The Edges of Trauma: Explorations in Visual Art and Literature
Editor: Tamás Bényei, Alexandra Stara
Date Of Publication: Jan 2014
A collection of essays by an international group of scholars, The Edges of Trauma: Explorations in Visual Art and Literature addresses the vast cultural and discursive construction that trauma has become in recent decades. Unravelling aspects of representing, narrating, testifying to trauma and of sharing or conveying traumatic non-experience, many of the essays offer new perspectives on traditionally central topics of trauma studies, including shellshock, sexual abuse, the Holocaust, AIDS and 9/11, or on canonical trauma texts, such as Art Spiegelman’s Maus, W. G. Sebald’s Austerlitz and Virginia Woolf’s autobiographical writings. Some authors take issue with the at least partly commercially-motivated canonisation of trauma fiction, and with the automatic linking of certain textual features with traumatic experiences. In other essays, trauma works as an interpretative device that allows us to see otherwise familiar texts like Paul Scott’s Raj Quartet and the fiction of Beckett and Agota Kristof in a new light. Other contributors interrogate less obvious cultural and artistic representations – including First World War British painting, Jean-Richard Bloch’s wartime writings, Félix González-Torres’s candy-spills, the photography of Peter Piller and Ori Gersht, and recent American television comedy – in the context of trauma, while one author explores her own artistic practice as part of the working through of traumatic experiences. The Edges of Trauma differs from other volumes concerned with trauma and art in that it gathers together essays on both literature and visual art. These essays are concerned with the relationship between trauma and art, traumatic non-experience and aesthetic experience; exploring how the non-experience of trauma finds its way into artistic representations.

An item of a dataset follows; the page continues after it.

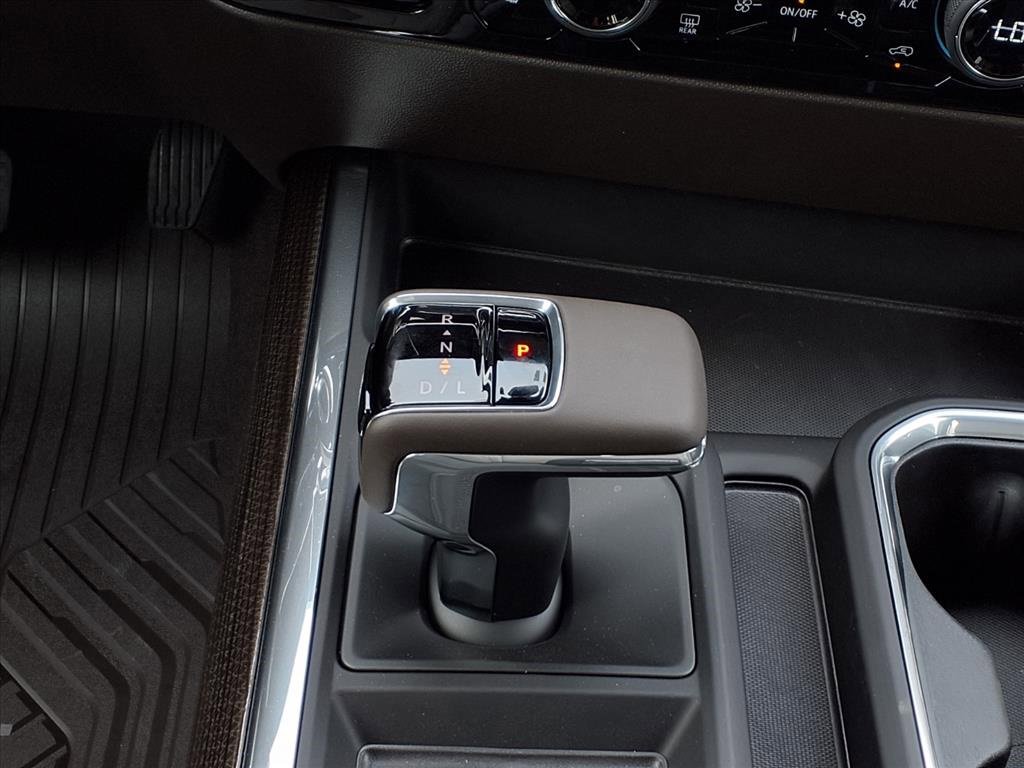 New 2026 Chevrolet Silverado 1500 LT Trail Boss image 16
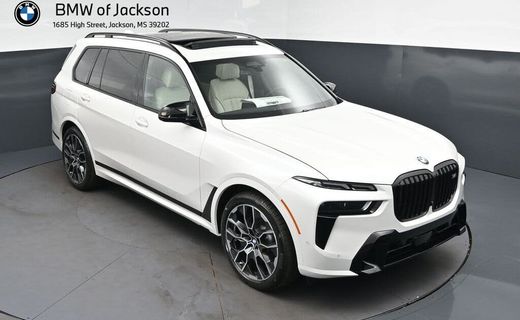 2027 BMW X7 M60I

Tamás Bényei is Professor of English Literature at the University of Debrecen. He is the author of seven books (one of them in English: Acts of Attention: Figure and Narrative in Postwar British Fiction), and has published book chapters and journal articles in Hungary, Britain, the USA and other countries on contemporary British novelists, as well as on writers such as Rudyard Kipling and Kurt Vonnegut.
Alexandra Stara is Reader in the History and Theory of Architecture at Kingston University, London. She is a qualified architect, and holds a doctorate in the History of Art from the University of Oxford. She has published widely on the hermeneutics of art, architecture and the modern museum. Her recent publications include the monograph The Museum of French Monuments 1795-1816: Killing Art to Make History (2013), and essays in Migration and Culture (2014), History of Photography Journal (April 2013), Museum and Biographies (2012), and The Cultural Role of Architecture (2012).